#### DATA SECTION ####

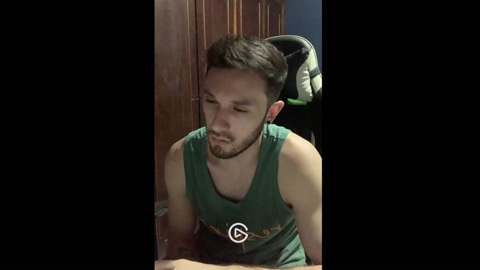 mlkaobranco  18-07-2022 Recorded Video orgasm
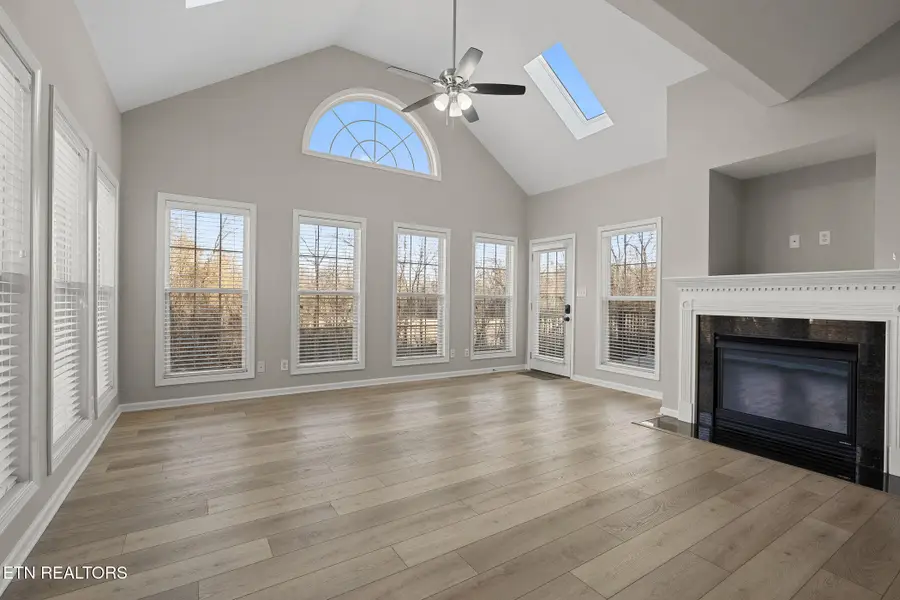 4651 Oak Meadow Way, Knoxville, TN 37918 - #2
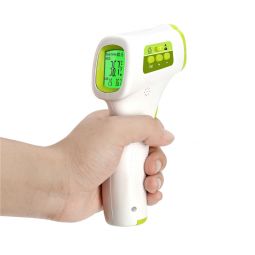 Jziki JZK-601 Medical Infrared Forehead Thermometer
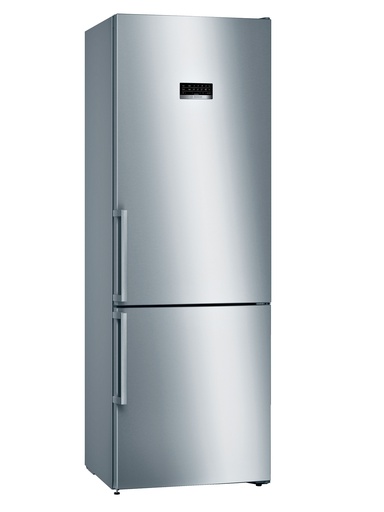 [KGN49XIEP] Heladera Combinable KGN49XIEP - Bosch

####

Give the data again exactly as it stands, apart from the pictures.

 mlkaobranco  18-07-2022 Recorded Video orgasm
 4651 Oak Meadow Way, Knoxville, TN 37918 - #2
 Jziki JZK-601 Medical Infrared Forehead Thermometer
 [KGN49XIEP] Heladera Combinable KGN49XIEP - Bosch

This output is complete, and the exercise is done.